Nayana AB

What does our art say about our generation?

Nina Simone said that, “it’s an artist's duty to reflect the times in which we live”. During her time, Nina Simone, the infamous multidisciplinary musician, was one of the mouthpieces of the civil rights movement and composed music that empowered black people. But nowadays, it seems everything is a lot more multidimensional compared to Miss Simone's time. She articulated the personal struggles of African American people by speaking on her own experiences as well as the things she had witnessed. Unfortunately, when looking at both periods, the only noticeable difference is that the themes of injustice are rapidly broadcasted and communicated across the globe.We can find out everything going on in the world instantly whether we like it or not all at the tips of our fingers. We are forcibly exposed to the harsh realities of the world we live in; from the genocides happening in both Congo and Palestine. Whilst simultaneously being bombarded with the constant updates on the Kardashians, or the tea on your favoured celebrities. We can thank TikTok, Instagram, or X (formally known as Twitter) for this, and as a result, the voices of today are inspired by the varied perspectives of one’s reality which is clearly reflected in their art. 

But, what does our art say about our generation? This is a question I find myself pondering on when taking a step back to look at the product of my own creativity. There is so much beauty and power in being creative, even in its definition: “ to bring (something) into existence.” With the ability to both move and stop people all around the world, we are allowed to immortalise the experiences of our time. It's clear that our generation is seeing through the change that so many of the practitioners who went before us cried out for.  You can see this in the political tone creative visionaries are taking in their work. We won’t be caught in the traps set for those who went before us. We practise liberation and explore the different possibilities within that, for through our art, we are loud with our expression and demand to be heard. Channelling individual style, we infuse bold elements of our ancestry with the flair of modern society. In employing new levels of consciousness to the storylines in TV & film, we highlight the stories of the misunderstood and underrepresented whilst eloquently opening up dialogue that people used to run from. We cannot forget the mind bending execution of cross-genre artists challenging the societal boundaries set in place by the traditional performance practices associated with each genre. For example, the Brixton Chamber Orchestra playing alongside rappers like Dwills and Sai-ing or the Ezra Collective selling out the Royal Albert Hall. Paving for the sweetest musical blends and also opening up the ability for cross genres collaborations, who could have imagined Ed Sheeran singing on an afrobeats song with Fireboy DML? Finally, we are able to connect globally with ease via the channels of our art, in the hopes of invoking the change we want to see. 

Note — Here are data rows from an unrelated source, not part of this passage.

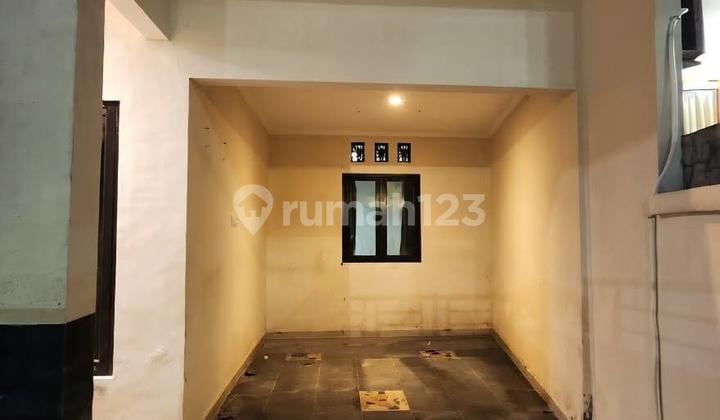 Rumah 2 Lantai 4 Kamar Strategis di Jalan Cargo Permai Denpasar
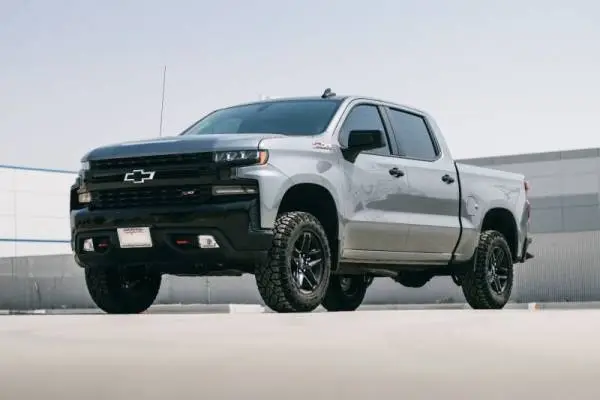 Cognito 19-24 Chevy Silv/Sierra 1500 4WD 1in Perf Ball Joint Leveling Kit w/ Fox PS Coilover 2.0 IFP thumbnail 2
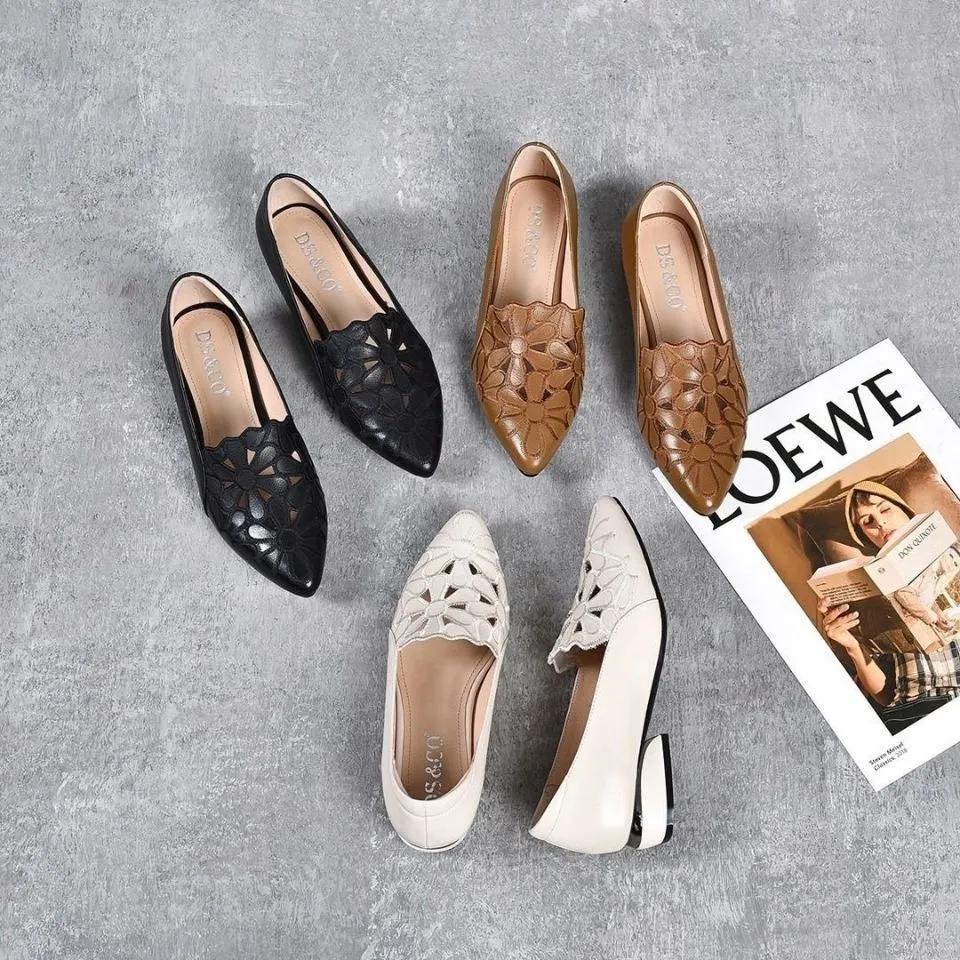 Damen niedliche spitze schwarze Lederblumen-Hohlschnitt-Quadratabsatzschuhe Dame klassische Hotel-Arbeitsbüro-Schuhe ab779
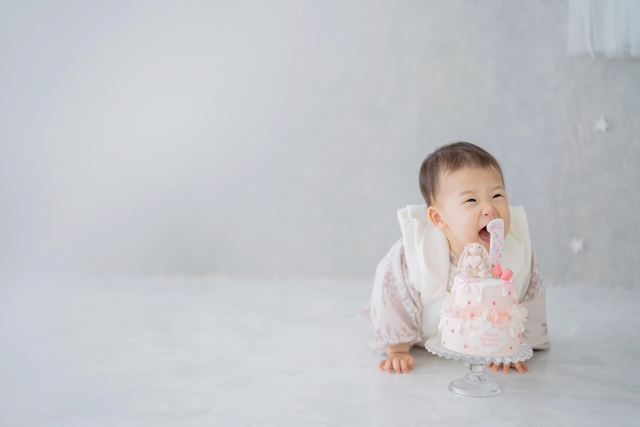 1歳の誕生日を迎えた赤ちゃんの記念写真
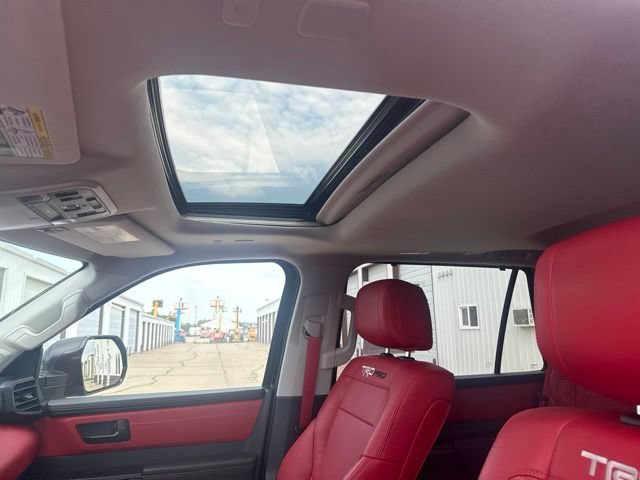 Used 2023 Toyota Sequoia TRD Pro AWD/4WD image 3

Whether it is a piece of music that has you singing your heart out because the lyrics magically encapsulate a recent heart break, or a painting that somehow manages to personify your frustrations with the mess our government continues to make; for so long the narratives of people have been held captive and it feels like we’re in the position to broadcast our truths to the world in mediums both already imagined - and those yet to be. As creators, we have the ability to carve out the blueprints for what we want our society to look like; it can already be seen in the people's/our generation's willingness to speak up and challenge everything we were once taught. Creative work is the catalyst for change and our generation's art reflects our eagerness for unity and the need to see the change we have been demanding.